66 M.J. 83, 2008 CAAF LEXIS 273, 2008 WL 583718
CourtCourt of Appeals for the Armed Forces
DecidedMarch 3, 2008
Docket07-0322/CG
StatusPublished
Cited by21 cases

This text of 66 M.J. 83 (United States v. Upham) is published on Counsel Stack Legal Research, covering Court of Appeals for the Armed Forces primary law. Counsel Stack provides free access to over 12 million legal documents including statutes, case law, regulations, and constitutions.

Bluebook
United States v.
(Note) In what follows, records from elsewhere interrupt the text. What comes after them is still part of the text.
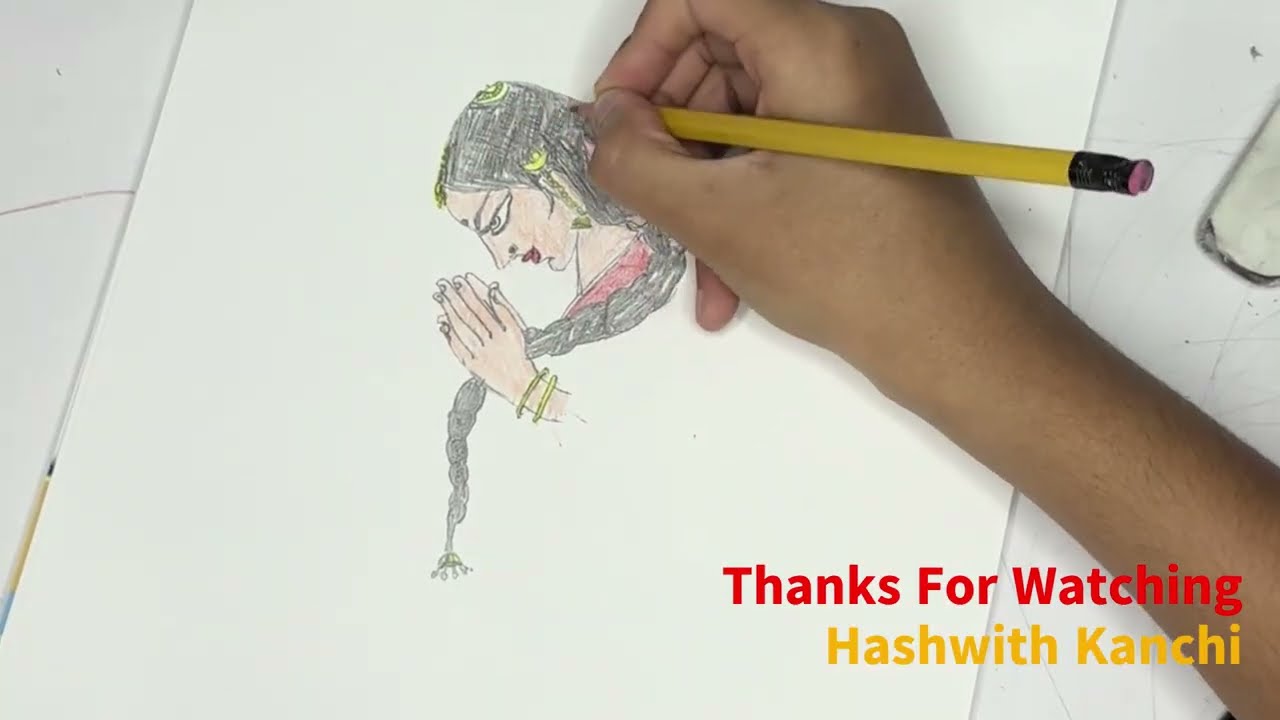 How to Draw a Beautiful Indian Girl | Hashwith Kanchi 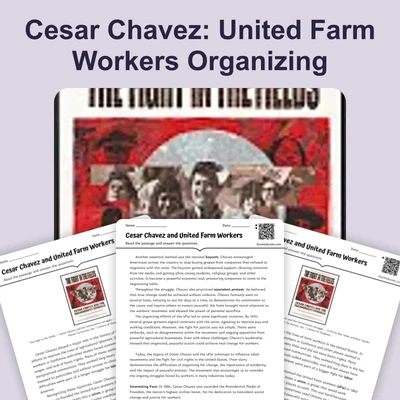 Cesar Chavez and United Farm Workers  - reading educational content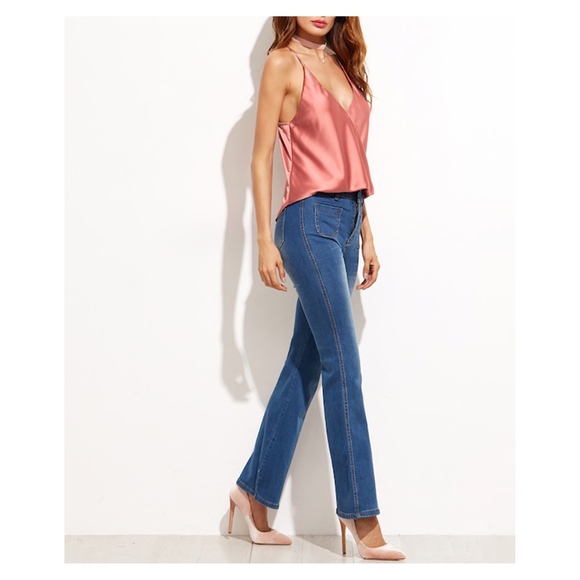 Pink Sleeveless Satin Wrap Cami Top Blouse - Picture 4 of 5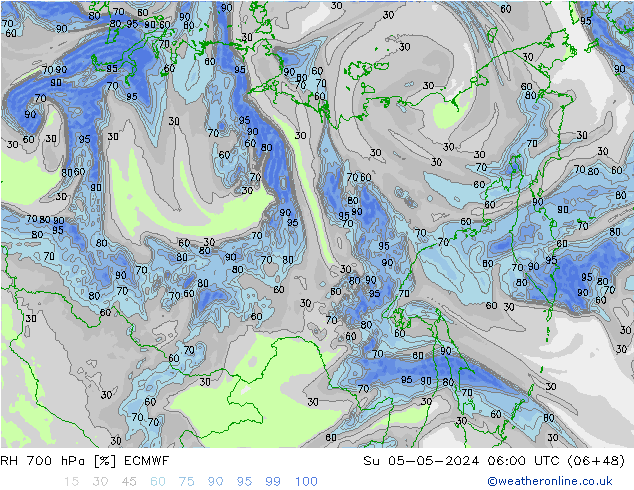 RH 700 hPa ECMWF Su 05.05.2024 06 UTC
Upham, 66 M.J. 83, 2008 CAAF LEXIS 273, 2008 WL 583718 (Ark. 2008).

Opinion

Chief Judge EFFRON delivered the opinion of the Court.
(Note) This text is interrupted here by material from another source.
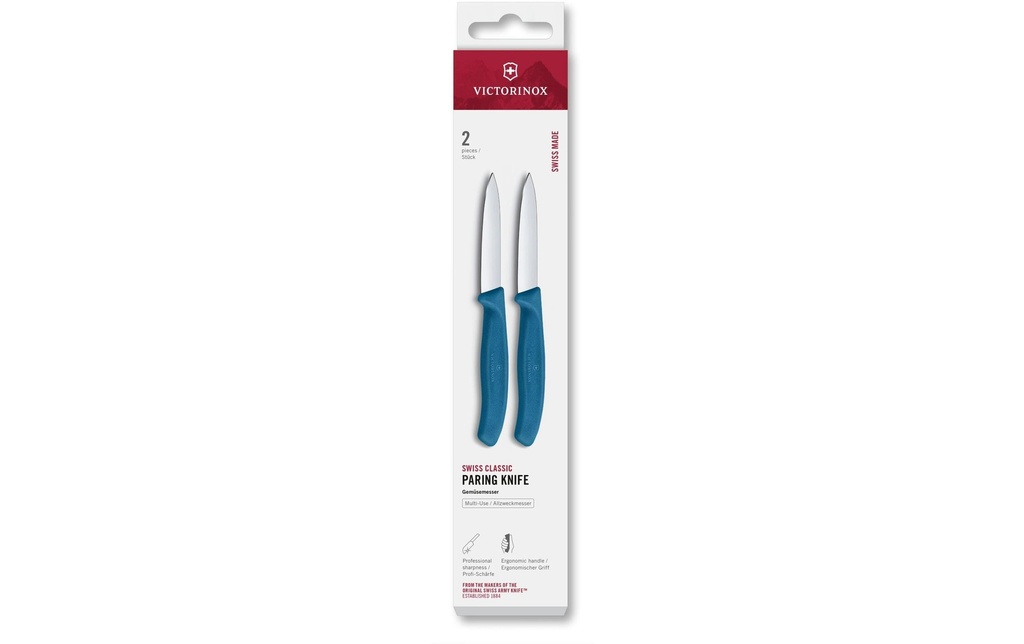 Victorinox Jeux de couteaux Swiss Classic, 8 cm, bleu, 2 pièces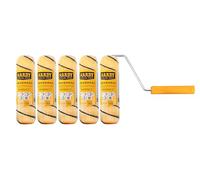 Hardy Working Tools - Kit Rodillo de Pintura 6 Piezas: 5 Fundas Anchas de 25 cm + Mango, Fibras de Poliéster Hardstar 13 mm Ø48 mm, DuoSystem Deslizamiento fluido, Para Paredes y Techos - Acabado Liso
Appellant was charged with two offenses based on engaging in unprotected sexual intercourse with a fellow officer without informing her that he was infected with the Human Immunodeficiency Virus (HIV): aggravated assault, in violation of Article 128, Uniform Code of Military Justice (UCMJ), 10 U.S.C. § 928 (2000), and conduct unbecoming an officer and a gentleman, in violation of Article 133, UCMJ, 10 U.S.C. § 933 (2000). At a general court-martial composed of officer members, Appellant entered a plea of guilty to the conduct unbecoming an officer and a gentleman charge and contested the aggravated assault charge. He was convicted of both charges. The sentence adjudged by the court-martial and approved by the convening authority included dismissal, confinement for nine months, and forfeiture of all pay and allowances.
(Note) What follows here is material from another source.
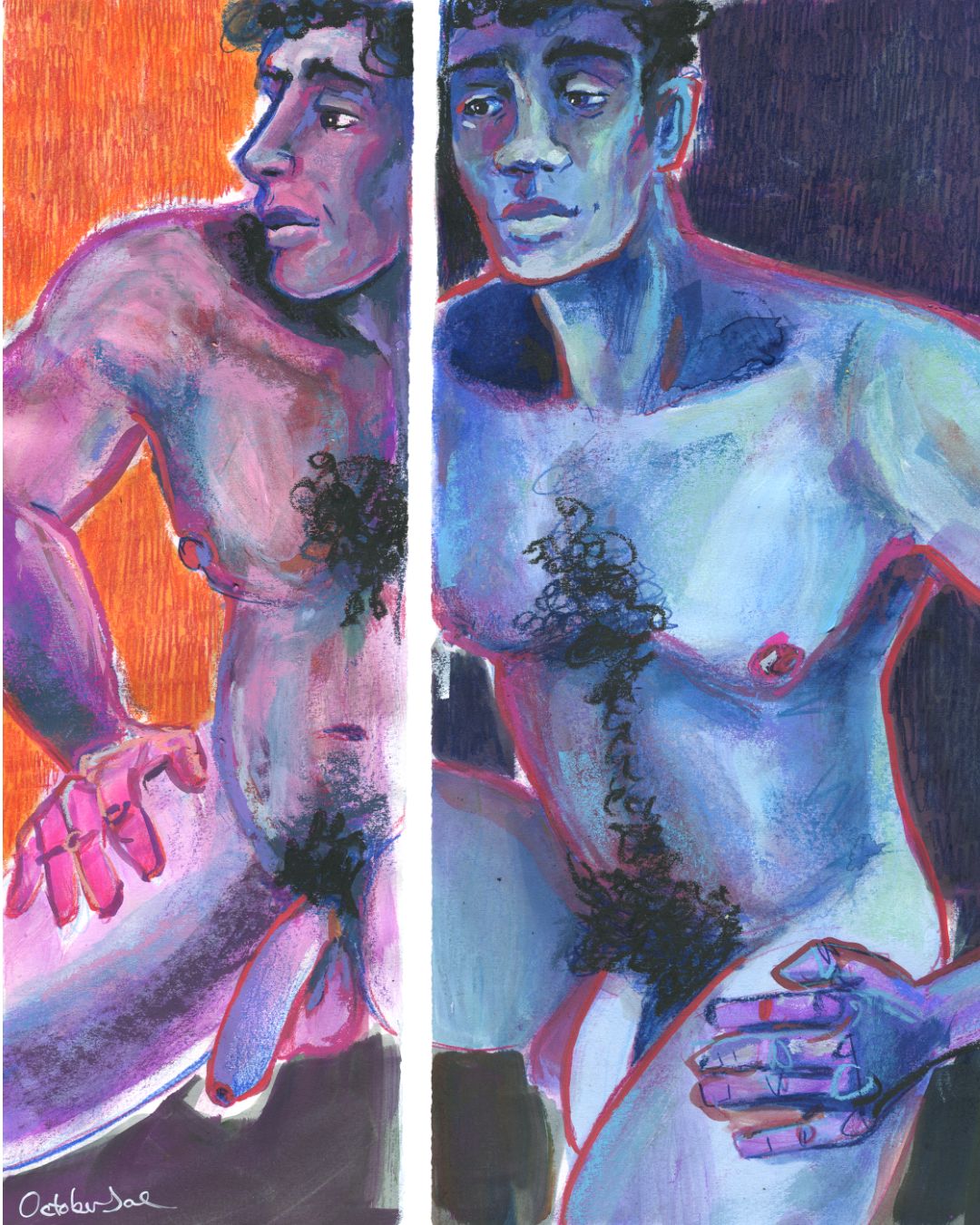 Mixed media painting of a nude figure gazing at his reflection in a full-length mirror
The United States Coast Guard Court of Criminal Appeals affirmed the conviction for conduct unbecoming an officer and a gentleman, disapproved the conviction for aggravated assault, affirmed a conviction for the lesser included offense of assault consummated by a battery, reduced the period of confinement to four months, and affirmed the balance of the sentence. United States v. Upham, 64 M.J. 547, 551-52 (C.G.Ct.Crim. App.2006).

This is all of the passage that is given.